Summary of safety trials

Across indications, the most common local skin reaction (LSR) assessed by investigators was erythema. Sixty seven to 82% of patients with external genital warts, 97%-98% of patients with AK, and 90%-100% of patients with sBCC experienced this reaction.^{43,44,46,49–52,55,56,58} Other commonly-experienced LSRs included excoriation/flaking, erosion/ulceration, edema, scabbing, and induration. Vesicles were less common than the other reactions, ranging from <5% of patients with external genital warts in one study to 37% of patients with AK in another study.^46,49

Interestingly, there was a greater rate of certain LSRs in patients with AK or sBCC relative to those with external genital warts. Among AK patients, the rates of erythema, excoriation/flaking, and scabbing were 97%-98%, 93%-95%, and 79%-88%, respectively.
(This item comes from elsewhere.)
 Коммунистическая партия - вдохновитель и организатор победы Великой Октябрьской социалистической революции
Among sBCC patients, the analogous rates were 90%-100%, 80%-91%, and 83%-85%. Among patients with external genital warts, these rates were substantially lower: 67%-82% for erythema, 25%-42% for excoriation/flaking, and 15%-34% for scabbing. It is difficult to attribute this difference to application frequency, as part of the data for external genital warts came from a study which used 5% imiquimod daily for 16 weeks.⁴⁴ Other possible causes of this difference include anatomic site, nature of the skin lesion, and demographic differences between the study populations.

Regarding patient-reported adverse events, the most common local adverse event was application site reaction. In particular, itching was most commonly reported, with 16%-62% of all imiquimod-treated patients reporting this symptom at some time. In addition, pain, burning, and bleeding at the target site were reported to a lesser degree.

Systemic adverse events (SAEs), including flu-like symptoms, were minimal. In their trial, Beutner et al reported the most common SAE to be headache (29%) and upper respiratory tract infection (14%).⁴⁴ Consistent with this, Geisse et al also reported headache as the most common SAE (8%), followed by back pain (4%), upper respiratory tract infection (3%), rhinitis (3%), and lymphadenopathy (3%).⁵⁵ Lebwohl et al reported upper respiratory tract infection in 15%, sinusitis in 7%, and headache in 5%.⁵² This group also described changes in hemoglobin and platelet levels but did not specify how many patients this affected or the degree of change. Jorizzo et al qualitatively reported one patient with a transient fall in leukocytes and absolute neutrophil count (ANC).⁵⁰

Safety in immunosuppressed patients

The previously cited study by Ulrich et al investigated the safety of imiquimod in 43 transplant patients (kidney, heart, or liver) with AK on the face or balding scalp. Patients applied 5% imiquimod or vehicle cream three times a week for 16 weeks, regardless of lesion clearance. No graft rejections or laboratory abnormalities were found in the imiquimod group throughout the 16-week course of therapy. Though skin reactions were evaluated at 8 weeks post-treatment, no mention was made of graft evaluation at this timepoint.⁸⁸

Another retrospective study of 24 transplant patients (18 kidney, 4 kidney-pancreas, and 2 heart) tested the safety of imiquimod in treating warts, AK, and bowenoid papulosis.⁹⁵ Imiquimod 5% was applied three times a week over a median of 9 weeks. All measures of graft function were normal.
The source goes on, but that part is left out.